The Board is responsible under law to supervise the management of the business and affairs of the Company. The stewardship of the Company involves the Board in strategic planning, risk identification, management and mitigation, senior management determination and succession planning, communication planning and internal control integrity.

Specific Duties

Without limiting the foregoing, the Board shall have the following specific duties and responsibilities:

Legal Requirements

(a) The Board has the oversight responsibility for meeting the Company’s legal requirements and for approving and maintaining the Company’s documents and records.
(b) The Board has the statutory responsibility to act in accordance with its obligations contained in the Business Corporations Act (Ontario) and the regulations thereto, the Company’s Articles, and other relevant legislation and regulations.

Strategy Determination

The Board has the responsibility to adopt a strategic planning process for the Company and to participate with management directly or through its Committees in approving goals and the strategic plan for the Company by which the Company proposes to achieve its goals. The Board shall monitor the implementation and execution of the tasks constituent to the corporate strategy.
To be effective, the strategy will result in creation of value over the long term while always preserving the Company’s ability to conduct its business while balancing the interests of its various stakeholders. For the purpose of this clause, “stakeholder” will mean any party, group or institution whose reasonable approval is required for the Company to execute its Board approved strategy.

Managing Risk

The Board has the responsibility to identify and understand the principal risks of the business in which the Company is engaged, to achieve a proper balance between risks incurred and the potential return to shareholders, and to establish systems to monitor and manage those risks with a view to the long-term viability of the Company. It is the responsibility of management to ensure that the Board and its Committees are kept well informed of changing risks.  The principle mechanisms through which the Board reviews risks are through the execution of the duties of its committee and through the strategic planning process. It is important that the Board understands and supports the key risk decisions of management.

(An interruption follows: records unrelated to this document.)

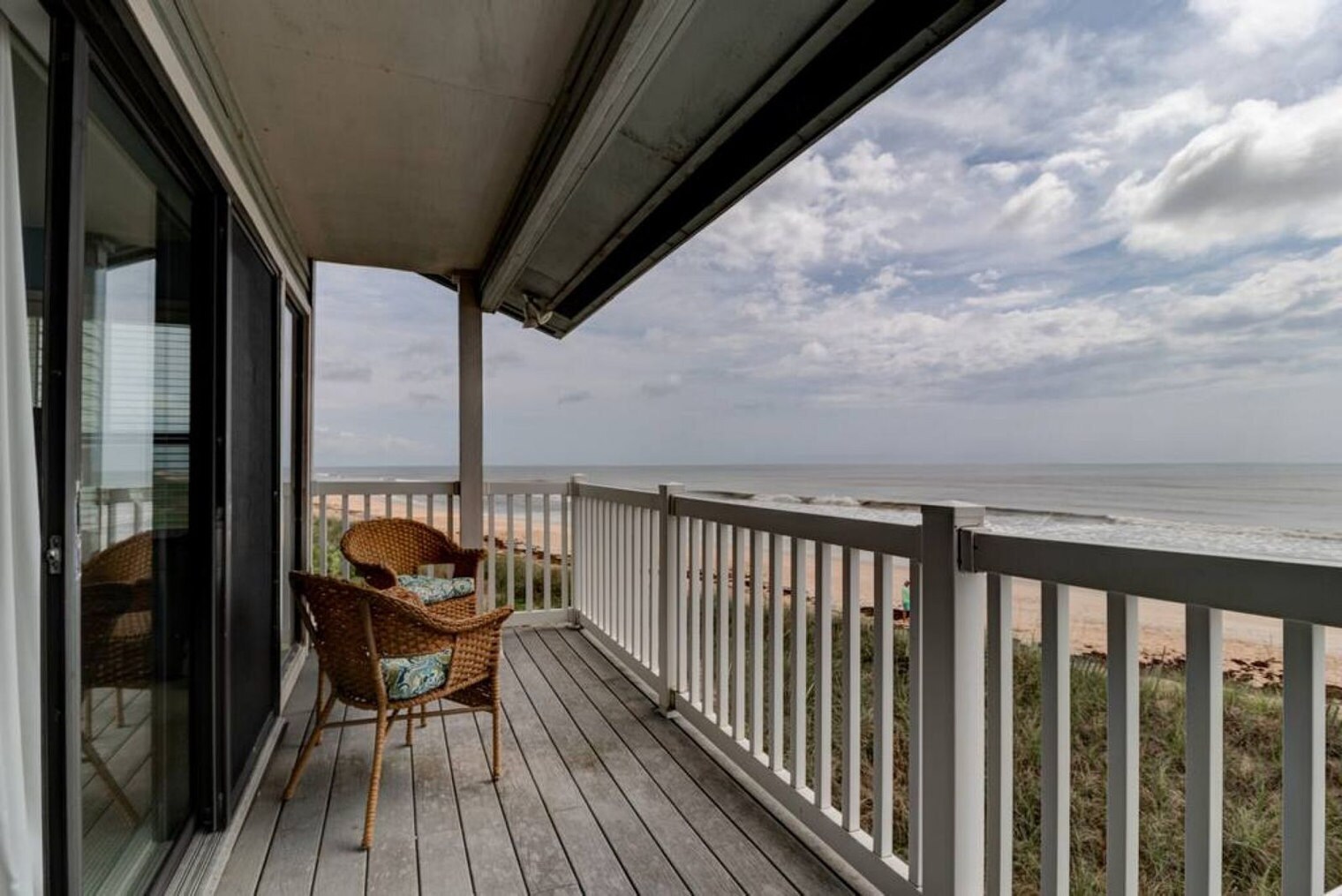 Building Photo - 59 Oceanside Dr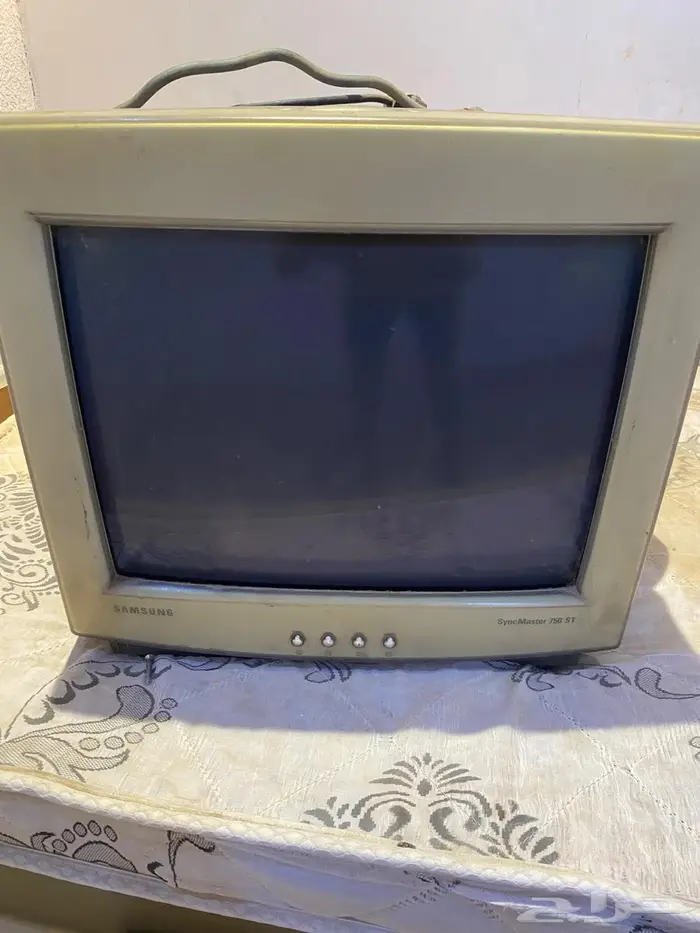 سرير طبي وشاشه كمبيوتر 1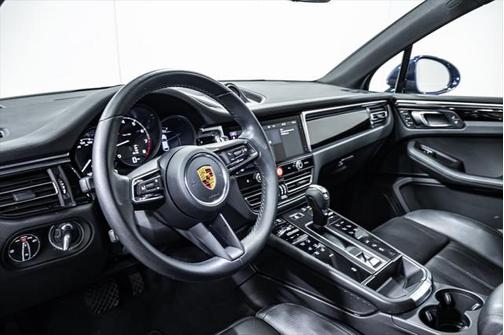 2022 Porsche Macan Base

Appointment, Training and Monitoring Senior Management

The Board has the responsibility:
(a) to appoint and/or approve the appointment of the Company’s senior management;
(b) to establish senior management’s responsibilities and approve their remuneration; and
(c) to establish provisions for the advice, counsel, training and development of management and for the orderly succession of management.

Reporting and Communication

The Board has the responsibility:
(a) to ensure compliance with the reporting obligations of the Company, including that the financial performance of the Company is properly reported to shareholders, other security holders and regulators on a timely and regular basis;
(b) to ensure that the financial results of the Company are reported fairly and in accordance with generally accepted accounting principles;
(c) to establish a process for direct communications with shareholders and other stakeholders through appropriate Directors, including through a Whistleblower Policy; and
(d) to report annually to shareholders on its stewardship of the affairs of the Company for the preceding year.

Monitoring and Acting

The Board has the responsibility:
(a) to establish policies and processes for the Company to operate at all times within applicable laws and regulations to the highest ethical and moral standards (advancing the interests of the Company, including the pursuit of differentiating performance in meeting the reasonable needs of all stakeholders of the Company);
(b) to ensure that management has and implements procedures to comply with, and to monitor compliance with, significant policies and procedures by which the Company is operated;
(c) to monitor the Company’s progress towards its goals and objectives and to revise and alter its direction through management in response to changing circumstances;
(d) to take action when performance falls short of its goals and objectives or when other special circumstances warrant or when changing circumstances in the business environment create risks or opportunities for the Company;
(e) to approve annual (or more frequent as the Board feels to be prudent from time to time) operating and capital budgets and review and consider amendments or departures proposed by management from established strategy, capital and operating budgets or matters of policy which diverge from the ordinary course of business that may significantly impact the value of or opportunities available to the Company; and
(f) to implement internal control and information systems and to monitor the effectiveness of same so as to allow the Board to conclude that management is discharging its responsibilities with a high degree of integrity and effectiveness. The confidence of the Board in the ability and integrity of management is the paramount control mechanism.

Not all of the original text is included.